Hint: The electrostatic interactions between the charged species are responsible for formation of ionic bonding within the crystal of solid. The ionic size of ions can be determined by nuclear separation of the separate contributions of an anion from the cation.
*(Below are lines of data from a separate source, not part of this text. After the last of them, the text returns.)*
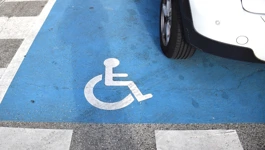 Parkirališno mjesto za osobe s invaliditetom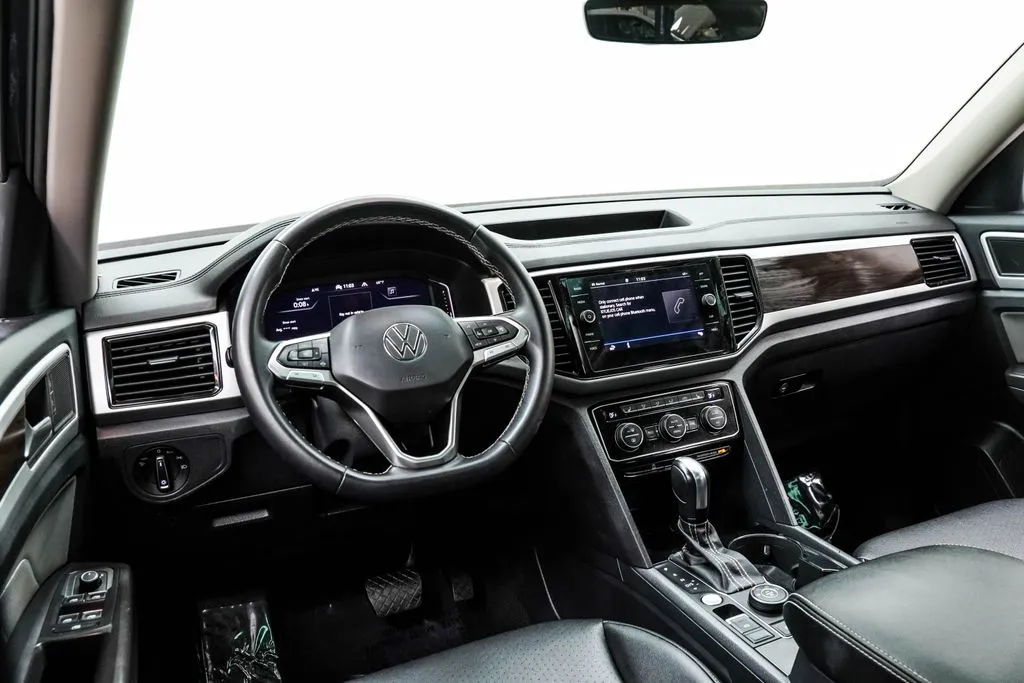 2023 Volkswagen Atlas 3.6L V6 SE w/Technology, photo 3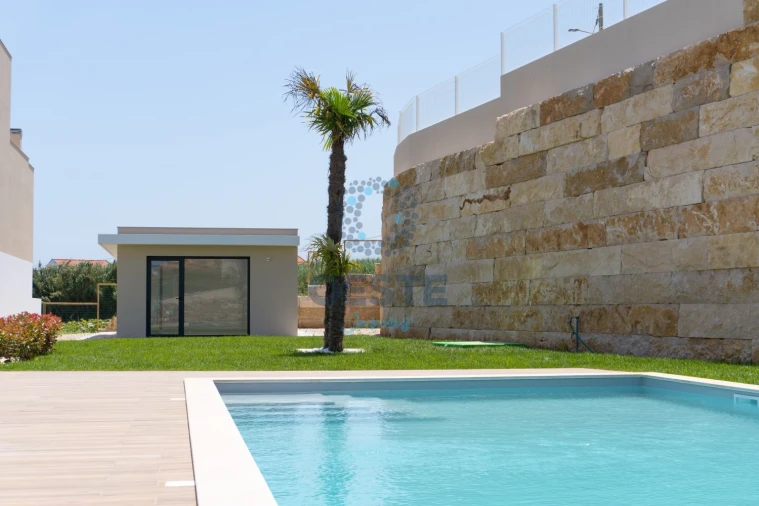 Moradia T4 para Venda em Lourinhã e Atalaia Foto 56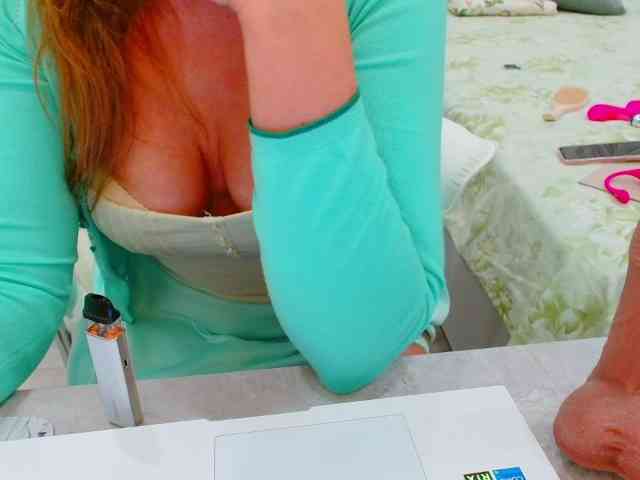 JuicyGloss webcam
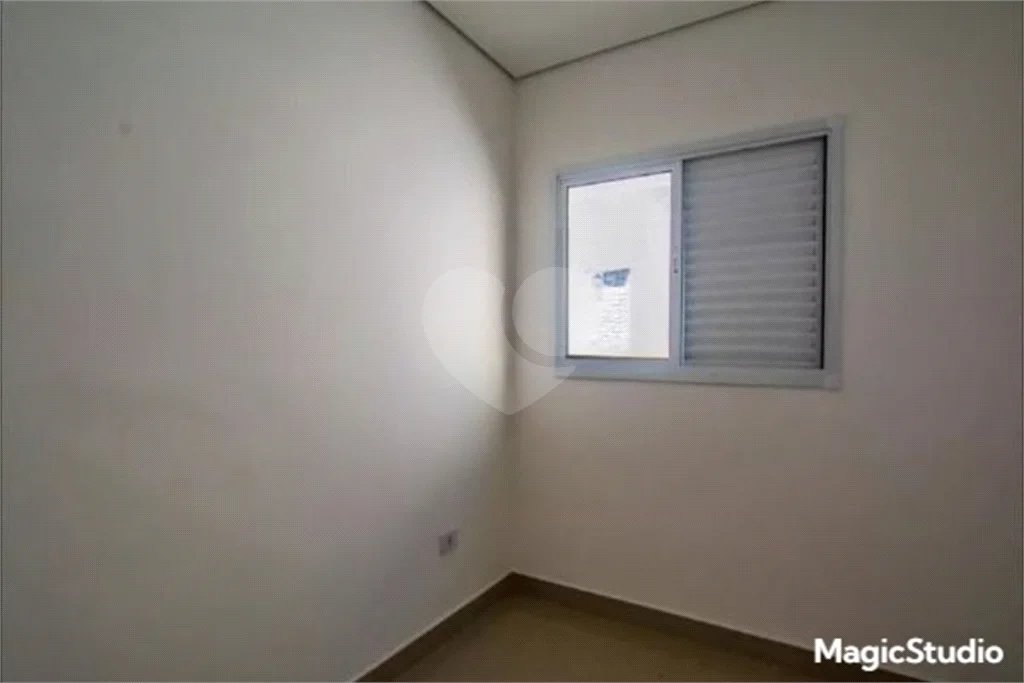 Apartamento com 2 dormitórios , sendo 1 suíte , 1 vaga , á venda na Vila Humaitá em Santo André.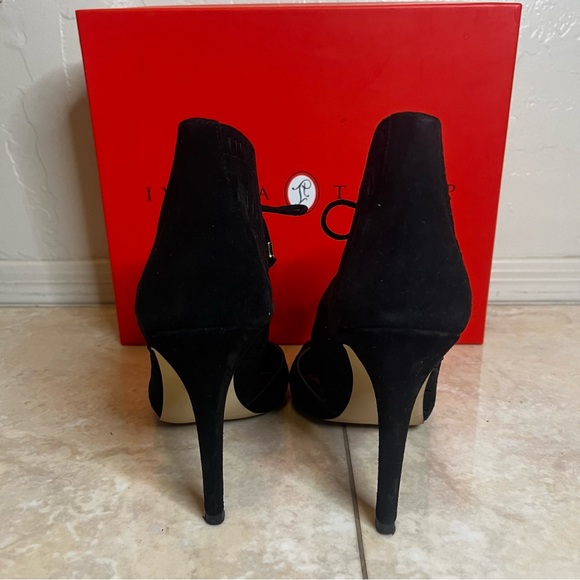 Ivanka Trump Black Delfino Sandals  - size US 7 - Picture 5 of 7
Complete answer: Radius ratio refers to the ratio of smaller ionic radius i.e., radius of cation to the larger ionic radius i.e., radius of anion. Thus, mathematically it can be represented as follows:
Radius ratio $\rho = \dfrac{{{r_ + }}}{{{r_ - }}}\;\;\;\;\;\; - (1)$
According to the radius ratio rule, a stable ionic crystal will be formed in such a way that the larger ions will form the basic unit lattice and smaller ions will tend to fit in the voids of the lattice formed.
Radius ratio rule predicts the location of cations in a crystal lattice as per following table:

Coordination number	Geometry	Radius ratio
2	Linear	$0 - 0.155$
3	Triangular	$0.155 - 0.225$
4	Tetrahedral	$0.225 - 0.414$
6	Octahedral	$0.414 - 0.732$
8	Cubic	$0.732 - 1.0$

Now, as per given in the question, the radius of anion i.e., $B{r^ - }$ ion is 195 pm and we need to fit the cation into its tetrahedral void. From the above table, we know that the minimum radius ratio for a tetrahedral void is 0.225. So, the ratio of cation can be calculated using equation (1) as follows:
${\rho _{{\text{tetrahedral}}}} = \dfrac{{{r_{{\text{cation}}}}}}{{{r_{B{r^ - }}}}}$
$ \Rightarrow 0.225 = \dfrac{{{r_{{\text{cation}}}}}}{{195}}$
$ \Rightarrow {r_{{\text{cation}}}} = 0.225 \times 195$
$ \Rightarrow {r_{{\text{cation}}}} = 43.875\;{\text{pm}}$
Further, if we consider the cation with radius 82 pm then the radius ratio will be as follows:
$\rho = \dfrac{{{r_{{\text{cation}}}}}}{{{r_{B{r^ - }}}}}$
$ \Rightarrow \rho = \dfrac{{82}}{{195}}$
$ \Rightarrow \rho = 0.42$
As the ratio lies in the range of $0.414 - 0.732$ which is given for the octahedral void as per above table. So, we can conclude that the cation with radius 82 pm can be slipped into the octahedral hole of the given crystal.

Note:
It is important to note that the coordination number of a crystal lattice refers to the number of ions immediately surrounding an ion having the opposite charge within a crystal lattice. An increase in the coordination number leads to increase the ionic radius of the ions and thus, the increase in radius ratio is observed.